Employer-Provided/Sponsored Group Long-Term Disability Insurance
If you work for a large practice, multi-specialty clinic or hospital the odds are very good that you are provided with or offered some type of Long-Term Disability (LTD) insurance coverage. While I would not recommend it serve as the foundation of your disability income protection due to the generally less favorable contractual provisions associated with it, there may be some significant benefits to it – especially when supplemented with an individual disability insurance policy.
Employer-provided or sponsored group LTD plans will cover a percentage of your income up to a maximum monthly benefit or “cap.” For example, a typical LTD plan might provide coverage of 60% salary to a maximum of $10,000 or $15,000 per month. However, the percentage of income being replaced can vary along with the maximum monthly benefit under the plan. Therefore, it is important to understand the coverage provided to you by your employer, if any, when purchasing or increasing your individual disability insurance coverage.
Many physicians mistakenly believe that their group LTD plan will support their lifestyles in the event of a disability. Unfortunately, this may not be the case for several reasons:
- Group LTD plans may not include certain components of your earned income (such as overtime pay, shift pay, bonuses and/or productivity or “incentive” pay) when calculating the monthly benefits payable.
- Long-Term Disability policies have a “cap” or maximum monthly benefit associated with them. For example, if a physician earns $300,000 annually and is insured under a group LTD plan that covers 60% income to a maximum of $10,000 month, they would be insured for the maximum benefit of $10,000 month. However, this policy would only insure them as if they were only earning $200,000 (60% of $200,000 provides for $120,000 annually or $10,000 month, the plan’s maximum monthly benefit).
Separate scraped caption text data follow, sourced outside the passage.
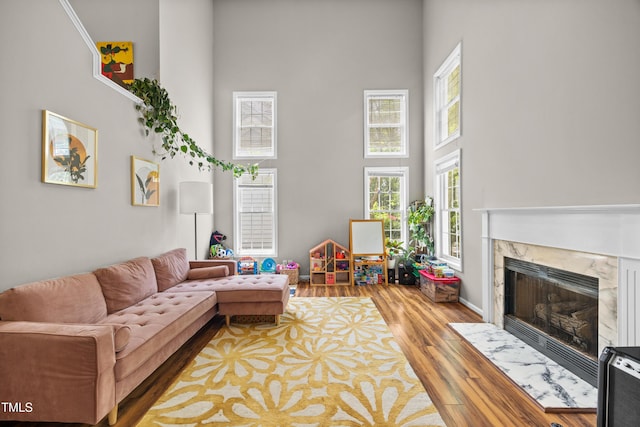 304 Gold Point Dr, Cary, NC 27519 - living room with a high ceiling, a high end fireplace, and wood finished floors
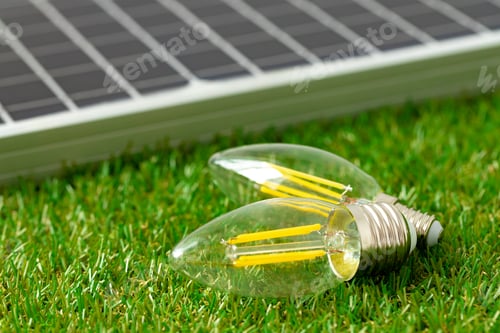 Preview: Solar energy panel and light bulb, green energy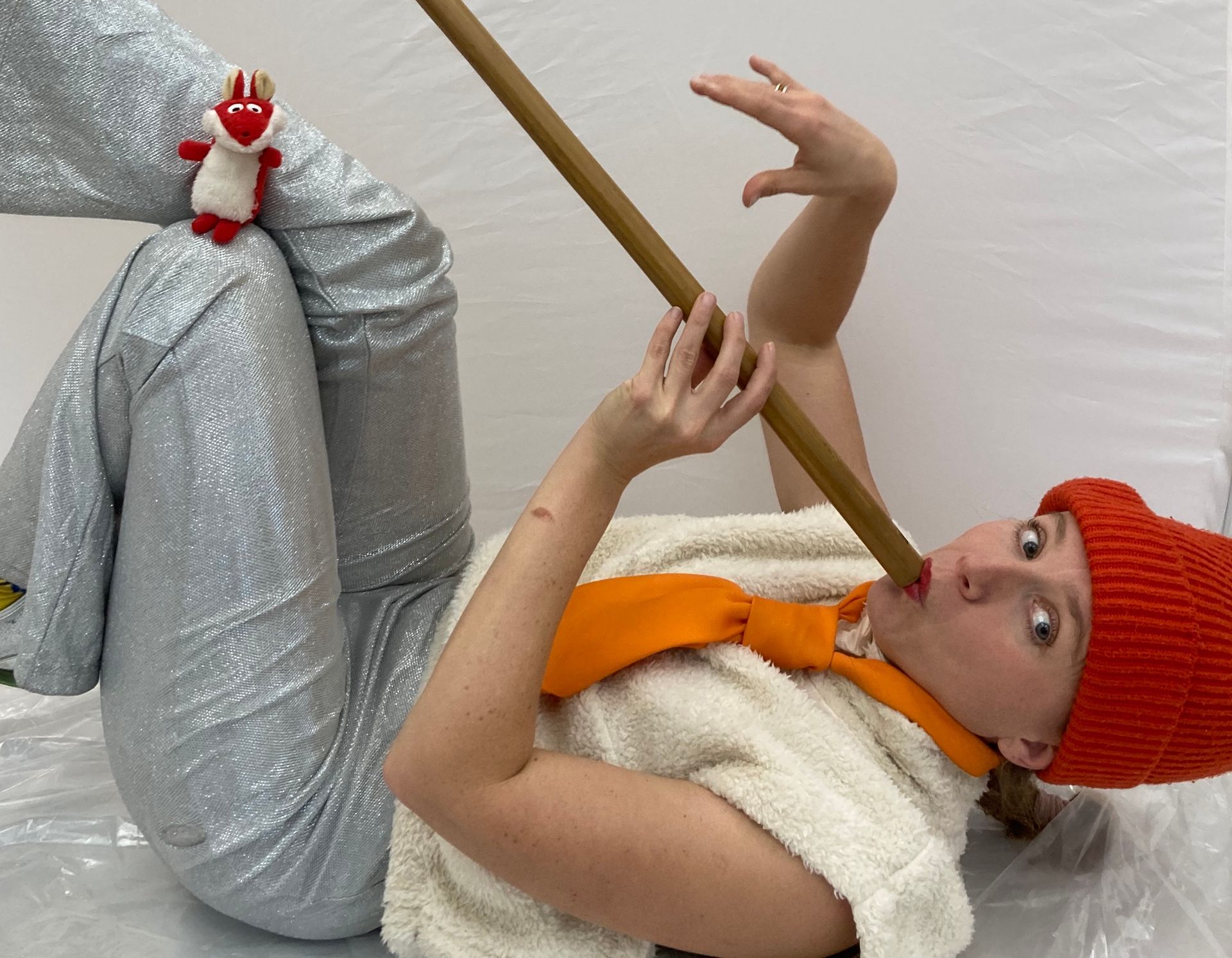 Eine Frau liegt auf dem Boden und spielt mit einem Stock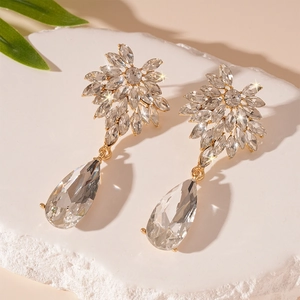 Close-up of sparkling flower-shaped stud and large teardrop crystal earring on stone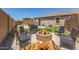 Relaxing backyard featuring a fire pit, seating, and lush landscaping at 20109 W Madison St, Buckeye, AZ 85326
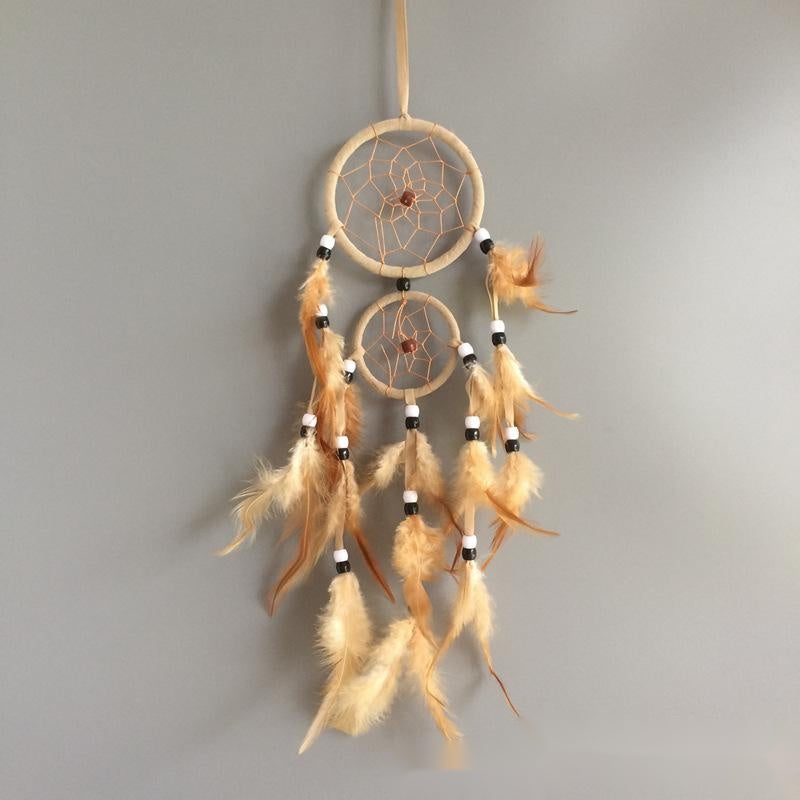 Dreamcatcher with feathers on a gray background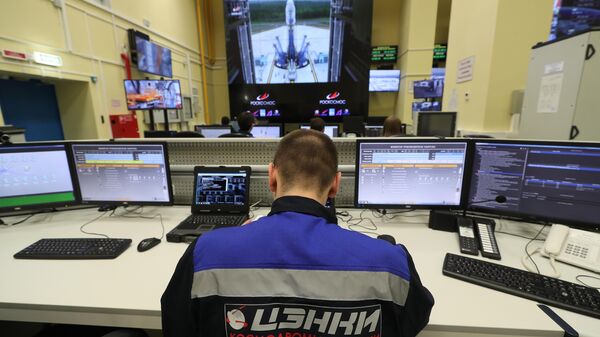 Russia's Center for Operation of Space Ground Based Infrastructure (TsENKI) staff member works in the control centre of the launching complex of Soyuz-2 carrier rockets at the Vostochny cosmodrome, some 180 km north of the Far Eastern city of Blagoveschensk, Amur region, Russia.  - Sputnik International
In this example, the physician is earning $100,000 in excess of what the group policy covers, leaving a significant amount of income uninsured!
Individual disability insurance policies will take all components of income into consideration when determining the amount of coverage available and, therefore, a larger amount of your income can potentially be replaced.
Most physicians may also not be cognizant of the fact that if their employer is paying the premium for their group LTD plan and not adding it back to their taxable income, any benefits received from the group LTD plan would be taxable, further reducing the amount of their income actually being replaced.
The monthly benefit from an individual disability insurance policy is typically received on an income tax-free basis when paid with personal post-tax dollars.
Group LTD policies typically do not have a true “Own-Occupation” definition of disability. In fact, a well-known group LTD carrier’s policy states that, “You are disabled when due to your sickness or injury: You are unable to perform the material and substantial duties of your regular occupation and are not working in your regular occupation or any other occupation or, you are unable to perform one or more of the material and substantial duties of your regular occupation, and you have a 20% or more loss in your indexed monthly earnings while working in your regular occupation or in any occupation.”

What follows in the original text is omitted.